Tandis que le nom et les frasques d’Yves Bolduc reviennent vous hanter (mille excuses, milady), je déballe enfin : j’ai rejoint récemment Katherine Fafard, directrice générale de l’Association des libraires du Québec (ALQ) pour avoir une idée de la situation du livre québécois dans les bibliothèques scolaires.
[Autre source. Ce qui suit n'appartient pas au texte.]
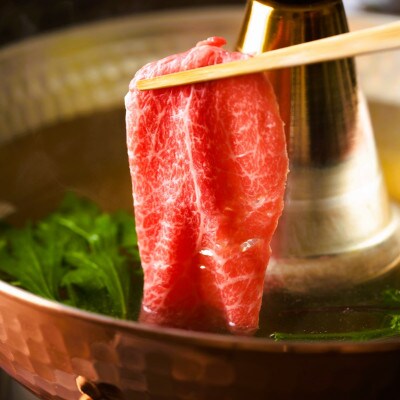訳あり!おおいた豊後牛赤身霜降りしゃぶすき焼き用(肩・モモ) 800g(400g×2P)(津久見市)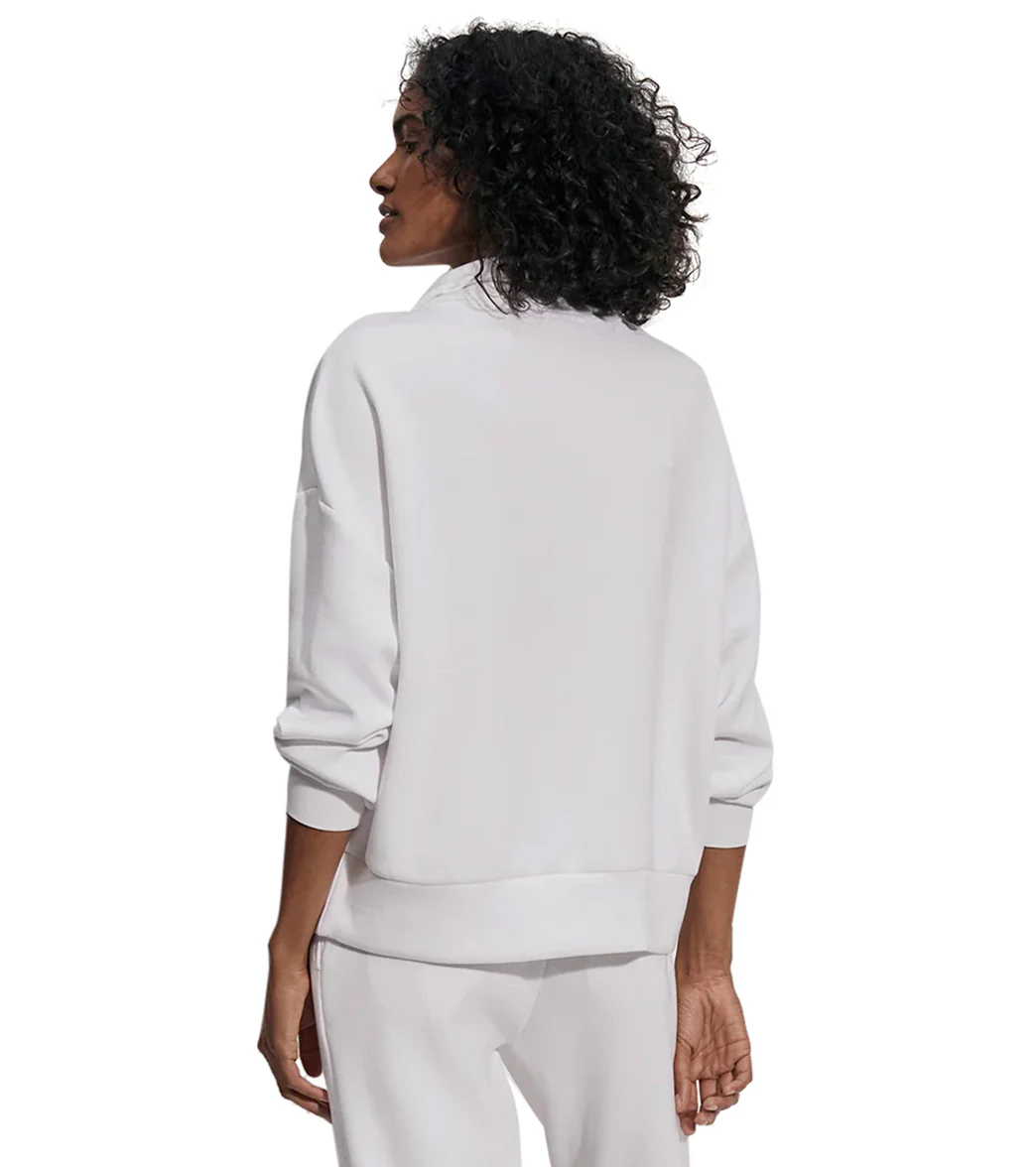 Varley Hawley Half Zip Sweatshirt - Image 81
Les effusions médiatiques autour des jambettes langagières de Bolduc, et toutes les répercussions qu’ont eu (au choix : son mépris/sa méprise) m’avaient laissé mijoter dans ce sentiment que les bibliothèques scolaires avaient peu ou pas de comptes à rendre, et que la situation dans certaines écoles était particulièrement préoccupante.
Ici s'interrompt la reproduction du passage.